Wir über uns Kontakt Jobs Fragen? Archiv
Ohne Arme zum Kalligrafie-Meister
  2013-04-05 15:46:38  CRI

Ein riesiger, mit unterschiedlichen Mal- und Schreibpinseln bedeckter Tisch, erstreckt sich durch das halbe Wohnzimmer von Tang Zhanzhong. Das Ein-Zimmer-Appartement in Beijing ist nicht nur Zuhause des 32-jährigen, sondern dient ihm auch als Atelier. Sein Handicap, ohne Arme geboren zu sein, hielt ihn vor rund 25 Jahren nicht davon ab, sich der Kalligrafie und der Malerei zu widmen.
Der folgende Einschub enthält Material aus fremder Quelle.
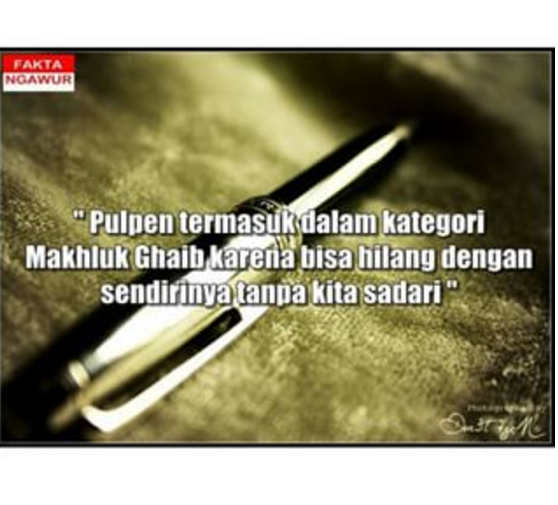 meme pulpen hilang  © 2016 brilio.net meme pulpen hilang  © 2016 brilio.net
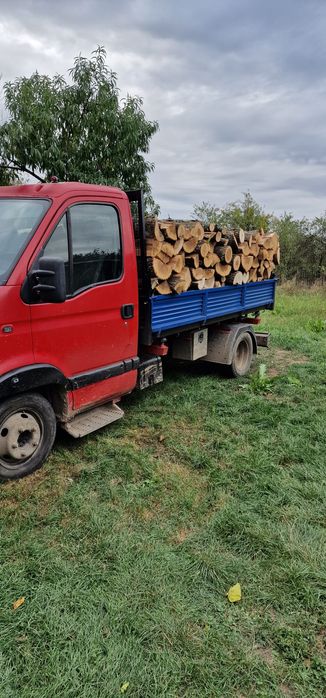 Lemne de vânzare!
An die Anfänge erinnert Tang sich heute mit einem Lächeln, dabei stellten ihn die ersten Malversuche mit dem Mund vor eine feuchte Herausforderung.

"Rückblickend kann ich über meine ersten Malversuche nur lachen. Normalerweise ist der Mund ja nicht zum Malen gedacht, daher habe ich mich am Anfang immer ganz schön vollgesabbert. Aber mit der Zeit habe ich gelernt Speichelfluss und Pinsel besser zu kontrollieren."
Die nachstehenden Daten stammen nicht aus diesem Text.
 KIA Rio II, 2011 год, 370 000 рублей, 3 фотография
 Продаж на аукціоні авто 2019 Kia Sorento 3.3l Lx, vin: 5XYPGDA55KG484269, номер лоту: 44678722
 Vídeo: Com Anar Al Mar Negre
Mittlerweile schwingt er den Pinsel so gut, dass er von seinen Kunst- und kalligrafischen Werken seinen Lebensunterhalt verdient.
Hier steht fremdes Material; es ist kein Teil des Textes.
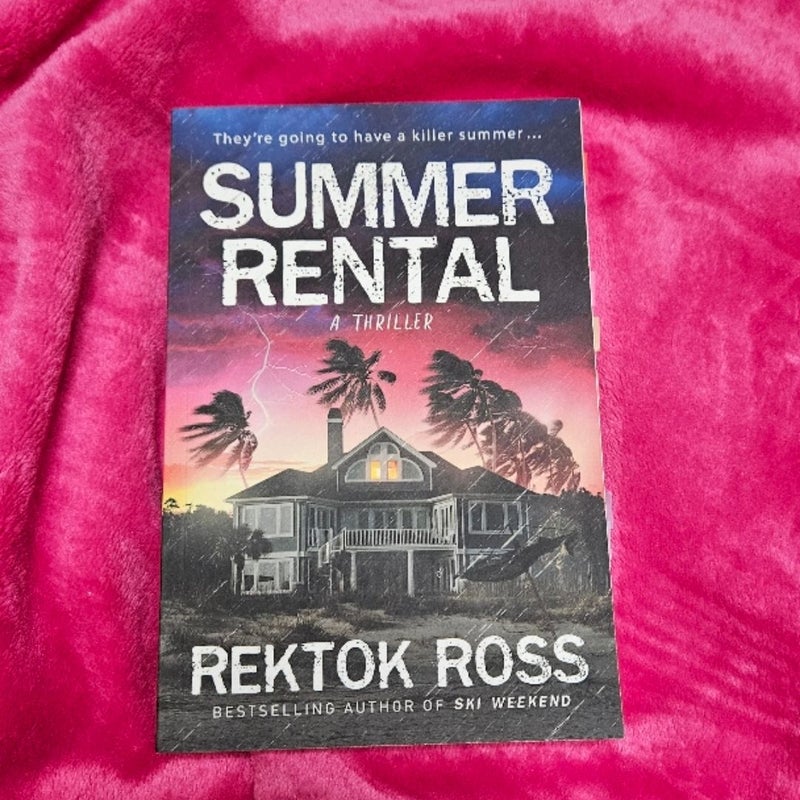 Summer Rental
Die Bewohner seines Heimatdorfes in der autonomen Region der Zhuang-Nationalität Guangxi im Süden Chinas hätten diese Entwicklung wohl nicht für möglich gehalten. Vielmehr musste sich der kleine Junge mit den zwei Stummeln an den Schultern, schnell an die schiefen Blicke der Menschen gewöhnen. Manche Dorfbewohner legten seinem Vater sogar nahe, den Sohnemann abzugeben, um der armen Familie die vermeintliche Belastung zu ersparen. Doch Tangs Vater trotzte den anfänglichen Schwierigkeiten und lehrte seinen Sohn, elementare Dinge des Lebens, wie Essen, Waschen und das Fortbewegen, auf seine ganz eigenen Art und Weise zu erledigen.  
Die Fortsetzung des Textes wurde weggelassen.